Not exactly what one might call a flood, but I actually feel as if I was pretty productive with those 18 words. I think I have decided to start a new project for NaNoWriMo and I spent some time having fun plotting it. Then I managed to switch gears and think about Fen for a while. I only eked out those measly 18 words–which, I admit, I might delete today–but I also tweaked some of the words leading up to those 18 and felt generally pleased with the quality of the words on the page.

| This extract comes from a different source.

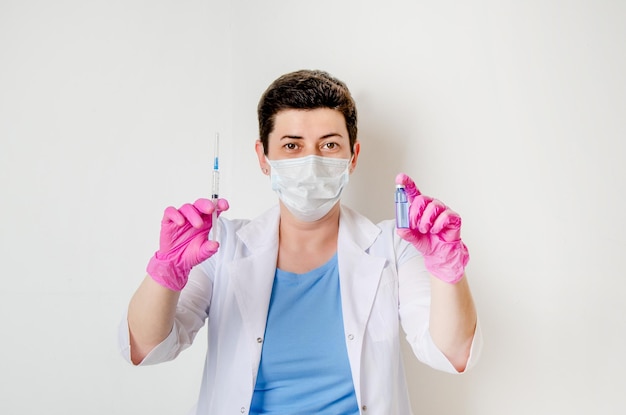 Female doctor in protective mask gloves and medical gown with syringe and an injection bottle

NaNo starts Saturday, so my goals for the next few days are to keep working on Fen and–more importantly–to get all of my files with their new covers posted to all of the sites that I want them to be posted on. That’s a big job and I want to finish it, not having it drag on throughout the month of November. If I can finish it by Saturday, then I go into NaNo without the lurking weight of all the things I need to take care of dragging me down. I’ve always failed NaNo grandly–within the first week, I’m thousands of words behind and wanting to spend all my time asleep, but this project would be one where I know my characters pretty well (with one exception) and a lot of the events can evolve in a very natural way. I think I might be able to really fall into it. And maybe for once the whole goal oriented nature of NaNo will work in my favor.

But still, that’s three days away. Today, I’d like to finish the scene I’ve been working on with Fen, and get Ghosts re-formatted. And now that I’ve written a blog post, maybe I’ll let myself actually get to it!